It is important to highlight that machine learning has achieved remarkable results when simulating complex problems with multiple elements, as in the case of atmospheric modeling. The main available machine learning models are SVMs, ANNs, and LSTMs. SVMs, for instance, have been used (e.g., Steinwart and Christmann 2008; Westerlund et al. 2014; Martinez et al. 2018; Murillo-Escobar et al. 2019; Mogollón-Sotelo et al. 2020) to simulate meteorological variables and PM2.5 concentrations and, after comparing the simulations with observations, they have been acknowledged as very precise when simulating atmospheric variables in complex terrains and in places without mountain ranges. However, SVMs have some limitations such as error accumulation and forecasting errors when data have sudden changes in their tendency (Mogollón-Sotelo et al. 2020). ANNs, on the other hand, are a computer model capable of learning the distribution of the data from its sample. Some studies used ANNs to simulate the behavior of particulate matter (PM10 and PM2.5), wind, temperature and precipitation (e.g., Erdil and Arcaklıoğlu 2013; Pérez and Gramsch 2016; Wang and Sun 2019; Zhao et al. 2019) and concluded that this approach has a good performance when simulating meteorological variables. Franceschi et al. (2018), for example, used an ANN to simulate particulate matter in Bogotá-Colombia and trained the network with meteorological variables, to forecast them.

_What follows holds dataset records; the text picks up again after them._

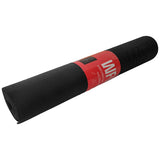 DoYourYoga Yogamatte Kirana - 183 x 61 x 0,4 cm - Schwarz, weiche, rutschfeste ECO-PVC Trainingsmatte für Yoga und Fitness.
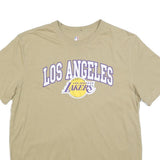 NBA Mens Beige Los Angeles Lakers Graphic T-Shirt XL Short Sleeve Crew Neck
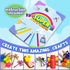 FUNZBO Arts and Crafts Supplies for Kids - Kids Craft Kit with Art Supplies & Craft Supplies, Preschool Learning Activities, Crafts for Kids, DIY ...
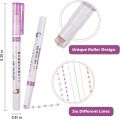 Designer Linear Roller Curve Highlighter Pens Set (Pack of 6 Pens) Colored Cute Outline Curve Highlighters Pens, Cool Pens For Kids And Adults, Highlighter Pens For Study, Drawing, Office Use, Card-decorating. 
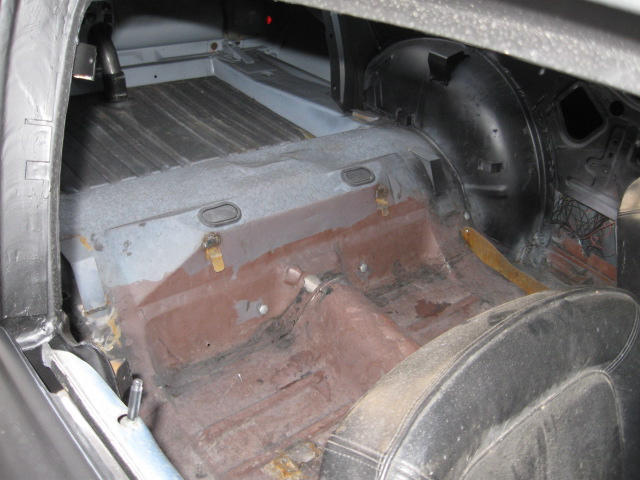 Floor brackets so seat can be mounted.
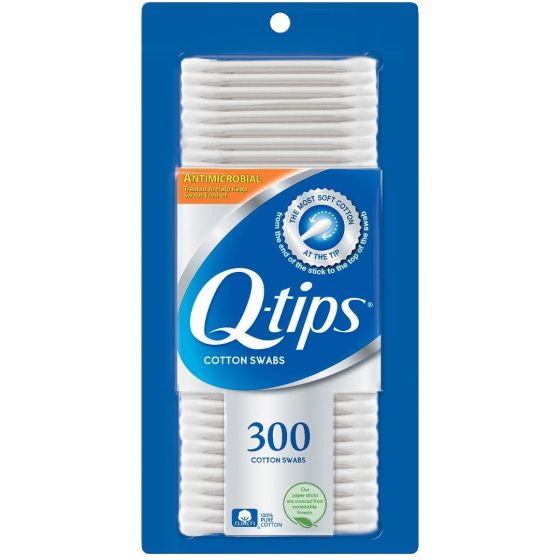 Qtips Brand Cotton Swabs 300Ct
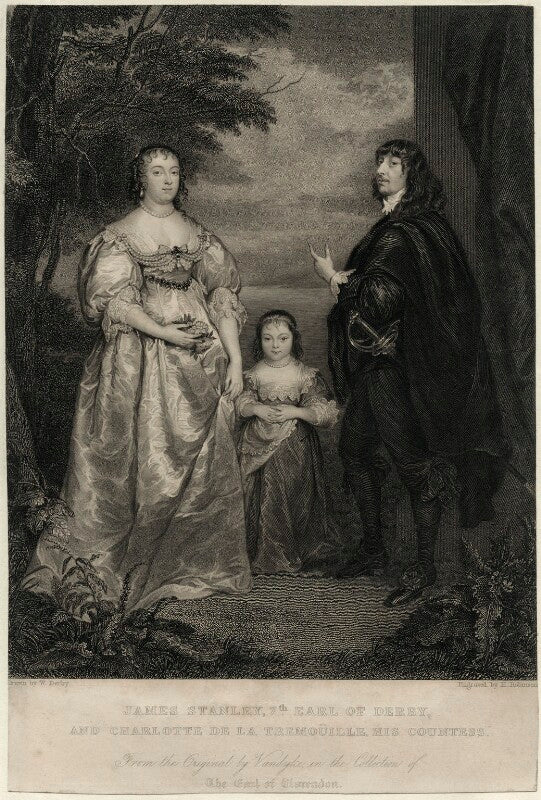 'james stanley, 7th earl of derby and charlotte, countess of derby' npg d28420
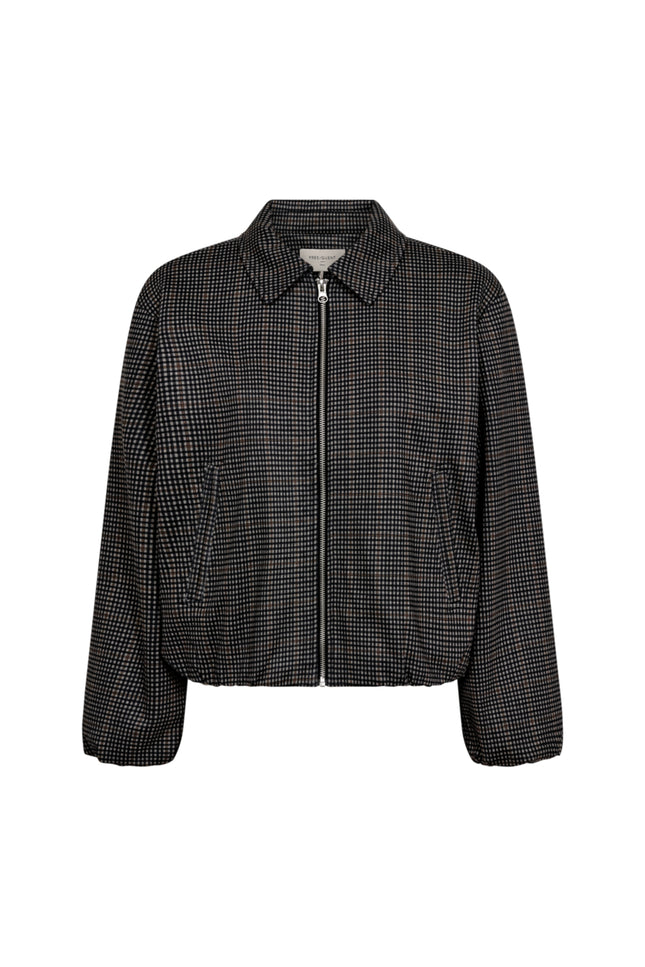 Jacket Fqnaduva Desert Taupe Black 212296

LSTM networks, in turn, are a type of ANN capable of saving information in batches, which improves their precision (i.e., they require more computational power than a normal neural network, but deliver better results). LSTMs have been used to predict meteorological variables such as solar irradiance, temperature, relative humidity, wind speed and precipitation with high accuracy (e.g., Maqsood et al. 2014; Qing and Niu 2018; Karevan and Suykens 2020). Other studies (e.g., Tong et al. 2019) have used this type of network to forecast PM2.5, reporting its capability of predicting pollutant concentration trends precisely. Thus, this type of network has been proven to work accurately when predicting atmospheric variables and pollutants, having the potential to be applied in tropical cities with high altitude and complex terrain (an extremely complex system).

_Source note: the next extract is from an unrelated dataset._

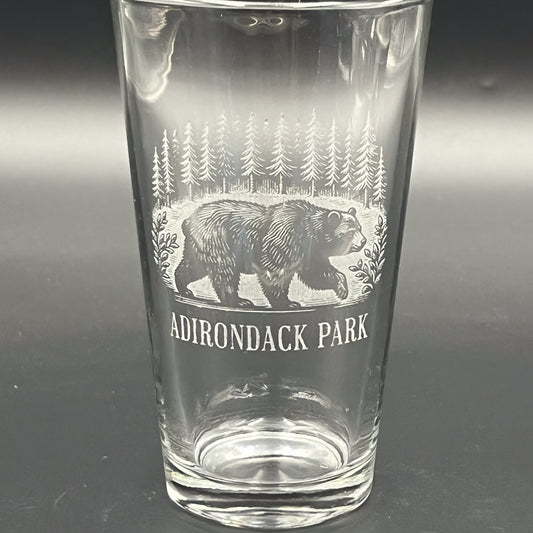 Bear in a Forest  - Pint glass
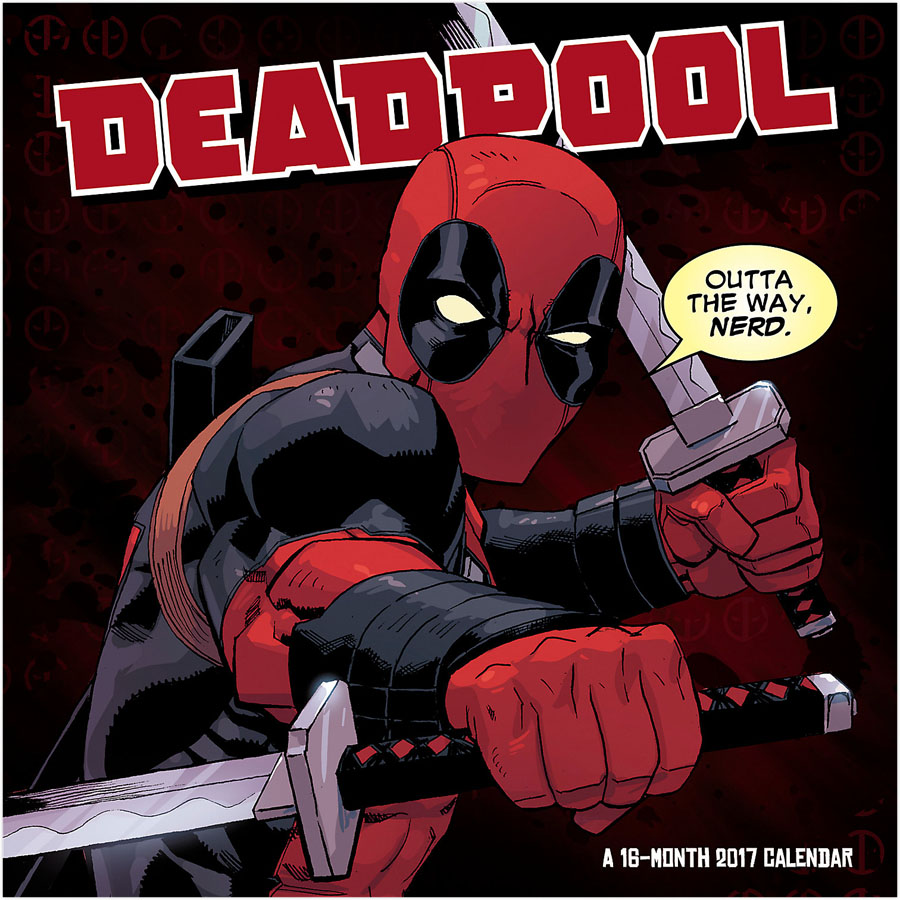 Deadpool 2017 12x12-inch Wall Calendar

Despite the proven success of LSTMs when predicting PM concentration and meteorological variables, they have not been widely used in tropical areas with complex topography. This research aims to implement an LSTM network to forecast PM2.5 concentrations and meteorological variables (temperature, radiation, humidity, wind speed), with an additional new approach to simulate wind fields (i.e., using u and ν components), in a tropical city with a complex topography (Bogotá-Colombia), using data inputs from the Air Quality Monitoring Network of Bogotá (AQMNB).

Method

Study area and case study

Bogotá, Colombia (4.60971, − 74.08175 WGS84) is a large city with a population of approximately 8 million inhabitants. The city has an area of almost 1800 km2, distributed into 25% of urban and 75% of rural areas. The city has a complex topography, due to its location in the eastern slope of the Andes Mountain range at 2550–2620 m.a.s.l.

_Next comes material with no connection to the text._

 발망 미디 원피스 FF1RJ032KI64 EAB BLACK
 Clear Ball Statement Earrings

The study area has an AQMNB that comprises 12 stations along the urban area of the city, separated by localities (Fig. 1) (SDA 2013). This network measures criteria pollutants and meteorological variables such as solar radiation, temperature, precipitation, relative humidity, wind speed, and wind direction. We use 12 air quality stations with at least 75% of available data for every variable mentioned above, in the period between 2014 and 2019. The majority (11/12) of the stations have more than 88% of the data available, and the S7 station has 76% due to sensor maintenance. Thus, the region and its air quality network are suitable for the analysis of the performance of LSTMs regarding meteorological variables and PM2.5 behavior in a tropical city with complex terrain, and its subsequent impacts on risk assessment. For this reason, the LSTM model was used in Bogotá during the days with an unhealthy qualification according to the International Air Quality Index (AQI) in 2019 (17 days in total) [the index defined the level of population risk as detailed by EPA (2014)]. 65% of these days occurred in the local dry season, while 35% occurred in the local wet season. To have more robust results, we simulated 25 random days, so that the model forecasting capabilities can be assessed regarding days with low, mid and high pollution levels, even though these findings are not shown here, since they have a very similar behavior to the 17 highly polluted days.

Fig. 1
figure 1

Geographic location of the 12 surface monitoring stations used in the city of Bogotá-Colombia. The red circle signals the location of the city within the country

Model description

ANNs are a set of algorithms inspired by the process of human learning, which recognize numerical patterns contained in vectors that can be translated into images, sound, text or time series (Bengio et al. 1994; Grivas and Chaloulakou 2006). ANNs can adapt to changes in the input data since they are generated through prior training based on cause–effect data sets. Thereafter, the model can be used to generate predictions of variables linked to dynamic systems. This feature gives it a valuable forecasting capability, useful for atmospheric dynamics research and air quality study.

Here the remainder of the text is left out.